Saturday, 1 June 2024

HIGHLY STRUNG / Yang Shuxiang & re:Sound / Review

 

HIGHLY STRUNG 
Yang Shuxiang (Violin) & re:Sound 
Victoria Concert Hall 
Thursday (30 May 2024)

This review was published in The Straits Times on 1 June 2024 with the title "Violinist Yang Shuxiang's high impact playing boosts re:Sound's Baltic programme".

Trust re:Sound Collective to have the most adventurous of programming among local professional orchestras. At risk of box-office death was its latest concert, which attracted a relatively small audience, all because it had the temerity to undertake Singapore premieres of works by two important Baltic composers. 
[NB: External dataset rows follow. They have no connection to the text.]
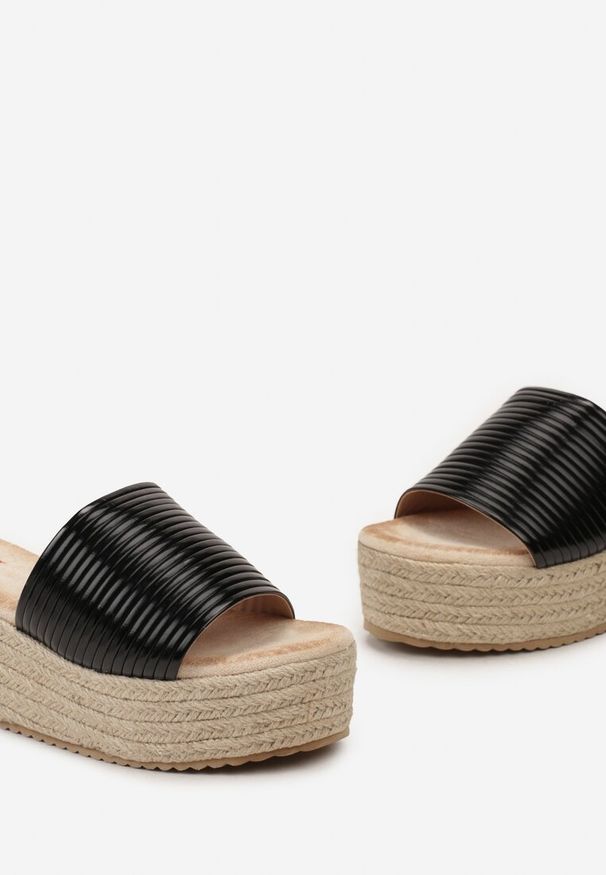 Born2be - Czarne Klapki na Platformie z Koturnem z Plecionki z Cholewką w Paski Rilindra. Kolor: czarny. Wzór: paski. Obcas: na koturnie. Styl: wakacyjny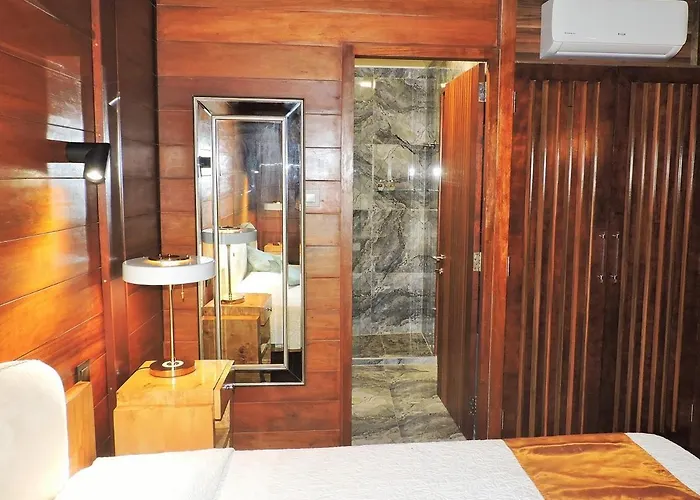 Bois Joli Villa *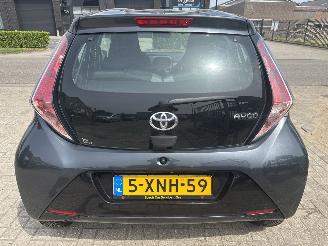 Toyota Aygo 1.0 VVT-i X-PLAY LICHTE SCHADE! BOUWJAAR 2014 3900 EURO VAST! picture 4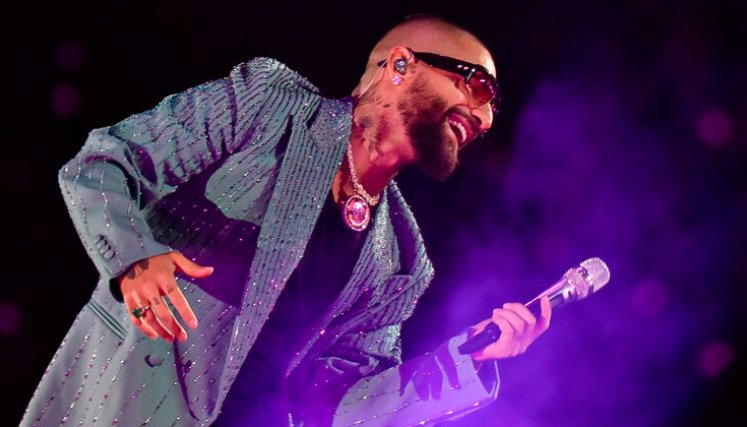 Maluma llevó el acento paisa a las grandes ligas del pop latino y demostró que el flow colombiano también conquista escenarios globales.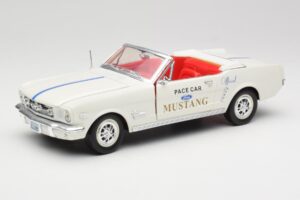 Ford Mustang Pace Car Wimbledon White Solido 1:18 81578 Μέταλλο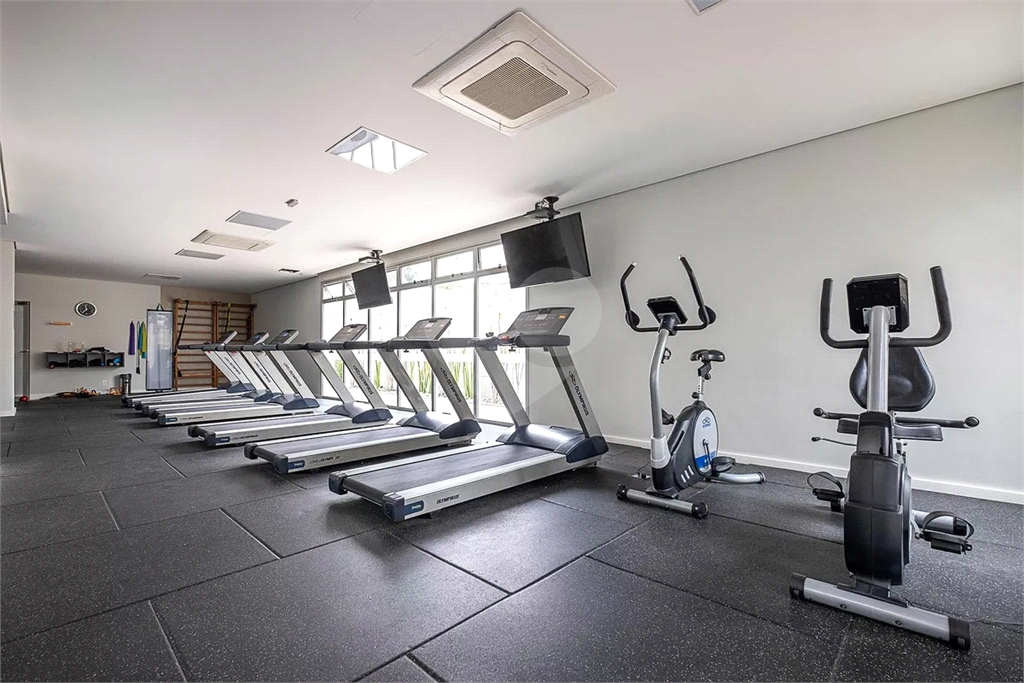 Apartamento Pinheiros com 121m², 2 suites e 2 vagas Excelente Condominio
The first was Finnish composer Einojuhani Rautavaara’s Pelimannit or The Fiddlers (Op.1), a suite comprising five short movements based on tunes played by Finnish folk fiddlers during the 19th century. Originally for piano, it was orchestrated for strings in 1972, sounding like a Baltic version of Bela Bartok’s Romanian Dances


The ensemble generated a rich canvas of sonority, even mimicking punch-drunk antics of village musicians with off-key intonation and intoxicated slurs. Leader Yang Shuxiang’s violin had the tricky solos, accompanied by his merry band in a tipsy romp all in good fun. 

Photo: @joelcaptures

More serious was the Violin Concerto (1996-97) by Latvian composer Peteris Vasks (born 1946) titled Distant Light, with Yang as soloist in hyper-virtuoso mode. In eleven connected parts, and playing for almost 35 minutes, it rivals Tchaikovsky’s famous Violin Concerto in terms of scope and length. 


Yang’s opening solo, combining trills, glissandi and ascending into ear-splitting tinnitus may have screamed avant-garde but the music soon settled into reassuring A minor with its comforting cushioned string accompaniment. While this was not easy listening by a long stretch, it was accessible in the way that “spiritual minimalist” composers of the late 20th century tend to be. 


Estonian composer Arvo Part’s stock-in-trade tintinnabulous scores come to mind, but Vasks seemed to plumb deeper besides having a more human feel about it. Almost tailor-made for Yang’s highly passionate emo-personality, the music positively bristled in his visceral approach and high impact style. 

Photo: @joelcaptures

This culminated in a series of feverish cadenzas balanced on a tight-rope, each more fiendish than the last. Almost apologetic was the orchestra’s response, such as providing some kind of soothing salve or going on some demented waltz. Closing with a netherworldly whisper, impressive Yang might has just given the most important local premiere in recent times. 



After a short intermission, Yang returned to lead the orchestra, now boosted by winds, brass and timpani, in Wolfgang Amadeus Mozart’s Symphony No.36 in C major, also known as the Linz Symphony. Despite its familiarity, re:Sound made it sound freshly minted. There was nothing tentative in the opening movement’s slow introduction, and the ensuing Allegro was lit up with its knowing quote of Handel’s Hallelujah Chorus


The slow movement flowed like oil, which Mozart desired in his music. The lively Minuet took on a rollicking quality, contrasted by the utter grace of its Trio. As an expression of joie de vivre, there was little to top the irrepressible Presto finale, its operatic buffo quality not undone by some idiot’s handphone going off midway. As fine ensembles go, re:Sound is Singapore’s solution to London’s Academy of St Martin in the Fields.